DATA FOR THIS EXERCISE:
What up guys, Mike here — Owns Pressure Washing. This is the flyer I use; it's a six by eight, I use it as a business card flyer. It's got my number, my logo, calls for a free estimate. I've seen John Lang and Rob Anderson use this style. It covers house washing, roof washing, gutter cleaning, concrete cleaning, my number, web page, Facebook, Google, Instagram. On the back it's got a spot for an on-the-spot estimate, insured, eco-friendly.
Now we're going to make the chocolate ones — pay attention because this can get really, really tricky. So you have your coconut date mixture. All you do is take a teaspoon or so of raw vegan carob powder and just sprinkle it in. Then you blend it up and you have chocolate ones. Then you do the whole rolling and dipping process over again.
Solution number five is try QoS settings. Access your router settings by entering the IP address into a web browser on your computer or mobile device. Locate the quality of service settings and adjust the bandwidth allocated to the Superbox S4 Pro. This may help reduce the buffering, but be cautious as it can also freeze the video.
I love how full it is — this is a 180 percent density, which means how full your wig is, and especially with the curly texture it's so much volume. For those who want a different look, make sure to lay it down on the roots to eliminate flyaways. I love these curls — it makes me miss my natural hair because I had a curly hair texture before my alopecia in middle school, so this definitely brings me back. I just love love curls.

...

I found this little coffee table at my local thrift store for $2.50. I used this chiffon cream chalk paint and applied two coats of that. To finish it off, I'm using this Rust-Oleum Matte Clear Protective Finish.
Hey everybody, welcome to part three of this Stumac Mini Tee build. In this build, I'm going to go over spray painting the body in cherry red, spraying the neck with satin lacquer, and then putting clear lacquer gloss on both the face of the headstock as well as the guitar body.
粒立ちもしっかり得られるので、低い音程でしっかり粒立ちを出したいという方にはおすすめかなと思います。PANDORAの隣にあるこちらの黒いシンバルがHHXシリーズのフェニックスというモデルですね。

* * *

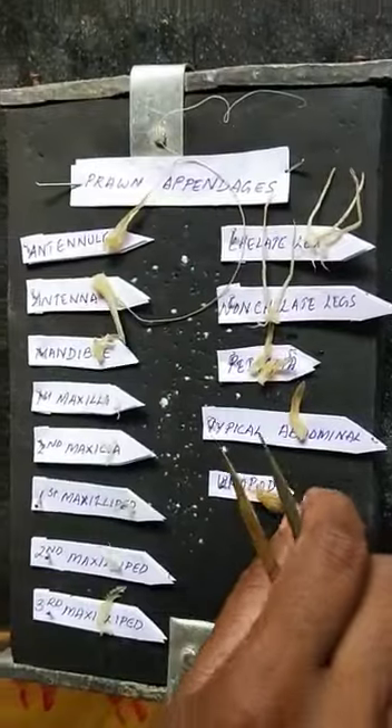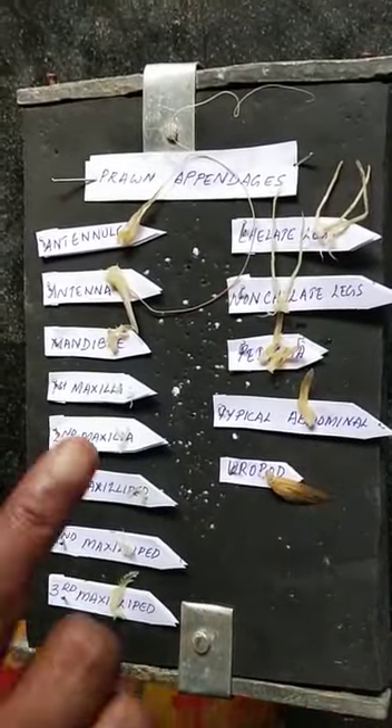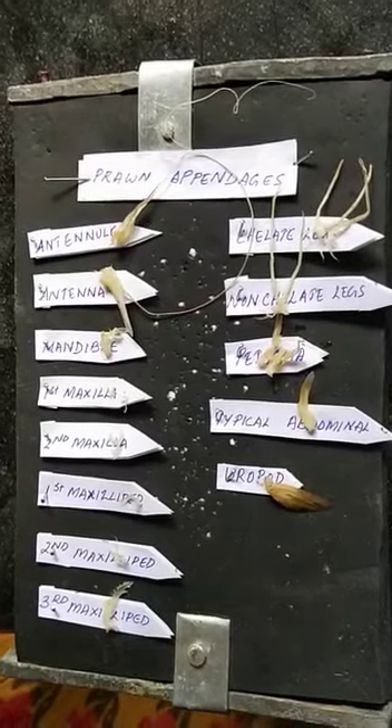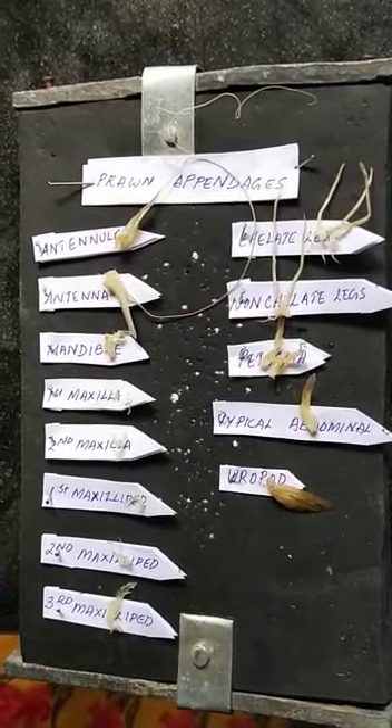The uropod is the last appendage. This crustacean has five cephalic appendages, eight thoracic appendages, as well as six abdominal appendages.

WHAT YOU NEED TO DO:
Reproduce exactly, and with no other material, the lines between those holding "Now we're going" and "I love how full", inclusive.

WRITTEN ANSWER:
Now we're going to make the chocolate ones — pay attention because this can get really, really tricky. So you have your coconut date mixture. All you do is take a teaspoon or so of raw vegan carob powder and just sprinkle it in. Then you blend it up and you have chocolate ones. Then you do the whole rolling and dipping process over again.
Solution number five is try QoS settings. Access your router settings by entering the IP address into a web browser on your computer or mobile device. Locate the quality of service settings and adjust the bandwidth allocated to the Superbox S4 Pro. This may help reduce the buffering, but be cautious as it can also freeze the video.
I love how full it is — this is a 180 percent density, which means how full your wig is, and especially with the curly texture it's so much volume. For those who want a different look, make sure to lay it down on the roots to eliminate flyaways. I love these curls — it makes me miss my natural hair because I had a curly hair texture before my alopecia in middle school, so this definitely brings me back. I just love love curls.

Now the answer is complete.